I for one won't miss them. Typewriters aren't kind to bad spellers. Nor do they work for those whose words evolve rather than being preplanned.  In all my writing I'm constantly changing, reordering, reading aloud, reordering again.  This is my second paragraph and (believe me I've been counting)  I have made sixty-one, yes that was sixty-one revisions already - oops, sixty two (I spelt revisions incorrectly - and again, sixty three)

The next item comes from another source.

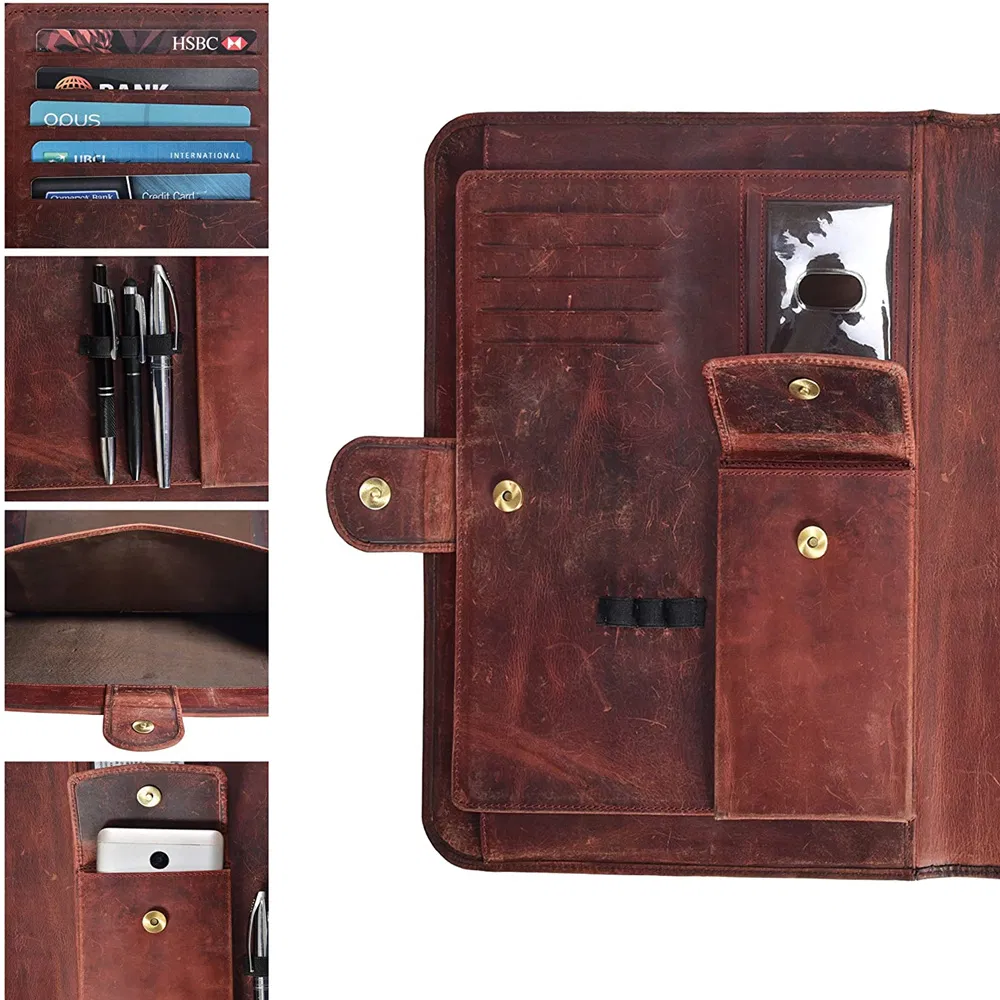 Business A4 Folders Executive Portfolio Genuine Leather Compendium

The critics say word processors make us lazy - and in my case, that's true to an extent.  But I'd argue it's more a change of style (sixty four, another spello corrected).  Frankly, I couldn't work without going back over every sentence. I've come to realise that the mistakes (sixty-five) and other amendments (sixty-six, no sixty-seven - how the hell do you spell amendments? sixty-eight) are actually part of my process. (I've just made a further seven amendments to sentence structures on re-reading the last three paragraphs)

Where is all of this going, other than rapidly (seventy-six) towards a century of spellos, typos other amendments (darn it, seventy-seven)?  Frankly, I have no idea - like most of what I write.

Except I'm trying to show that working inaccurately and correcting as you go has its merits too. Some people do this on paper; I use a screen. The important point is that trial and error, invention and reinvention,  are at the heart of creativity - for me, a typewriter would stifle that process and with a few 'in theory' exceptions (lack of electricity for example) I can't think why or when I'd ever use one.

By the way, I gave up listing the errors above, because I'm now way over two hundred. (Yes, I mean two hundred) What's more, I've read every paragraph above at least six times, some sentences twice that amount and changed some words almost as many. Despite all this, I've absolutely no doubt that when I press publish, I shall find another five or six changes to make.

So I shan't be lamenting the loss of typewriters, and I suspect not many others will either - except of course, the manufacturers of Tipex!

(Best estimate, 270 271 272 corrections made)


  1. I kind of miss my old Olivetti. But I don't miss the amount of Tippex I got through...

  2. The advent of computers and spellcheckers changed The Guardian Newspaper drastically.. its nickname still is The Grauniad!!

    Although homonyms and homophones still get through the spellchecker system and give us a chuckle!

    Sad to see the demise of typewriters though...however just think, in a power cut people will actually have to pick up a pen or pencil and actually write on paper!!!!

  3. I always wanted a typewriter as a child. There will definitely be a romantic association with typewriters, I know many of the vintage/retro themed blogs showcase them.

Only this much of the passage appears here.